The Arizona Attorney General's Office has issued more than 70 indictments connected with the fraud and there have been federal indictments, too.

In one of the more recent indictments, federal prosecutors say Kenneth Harrison and Courtney Haywood, who both live in Nevada, targeted the American Indian Health Program and bilked AHCCCS of more than $9.4 million in under two years. Harrison and Haywood operated a Mesa-based company called Aurtism, which according to the indictment is a combination of the words autism and art and the company was created to provide art therapy.

Federal investigators say Harrison and Haywood "grossly" overbilled AHCCCS for patients they treated, and billed for patients who were getting treatment from other providers. They also billed AHCCCS for patients they didn't treat, including patients who were in prison, jail or who were dead, prosecutors allege. The pair spent the taxpayer money they received from AHCCCS on real estate, luxury cars, retail purchases and travel, a news release from U.S. Attorney's Office for the District of Arizona says.
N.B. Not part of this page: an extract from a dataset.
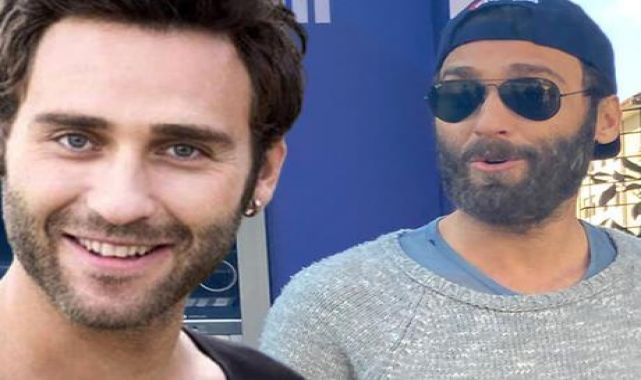 Seçkin Özdemir'in yeni mesleği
In another federal case, Thvoughn Lynden Curry and his wife, Alexis Daneen Curry of New River were arrested Nov. 2 on wire fraud and money laundering charges connected with an outpatient behavioral health clinic they operated in Mesa. An indictment says that between Feb. 1, 2021, and March 31, 2023, the couple submitted claims for reimbursement to AHCCCS totaling more than $12.5 million for services purportedly provided to about 185 individuals, 163 of whom were insured through the American Indian Health Program.

AHCCCS officials say they've taken significant steps to prevent more fraud, though some providers have said the crackdowns are going too far, causing unreasonable wait times for payments and approvals and are hurting legitimate providers.
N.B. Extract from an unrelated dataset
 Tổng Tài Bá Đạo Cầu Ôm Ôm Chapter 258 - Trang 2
Heredia said Thursday that she's aware of the complaints and agency officials are working to address concerns. But she said that some of the fraudulent practices became such an industry standard that by adding oversight, a cultural shift has had to happen, she said.

"The wait times are there. They are real because of the added scrutiny," she said. "It's a level of oversight that wasn't in place before. We're working on releasing some of those bottlenecks with the staff we've hired, with the technology that we're putting in place. We want to get back to processing this more quickly."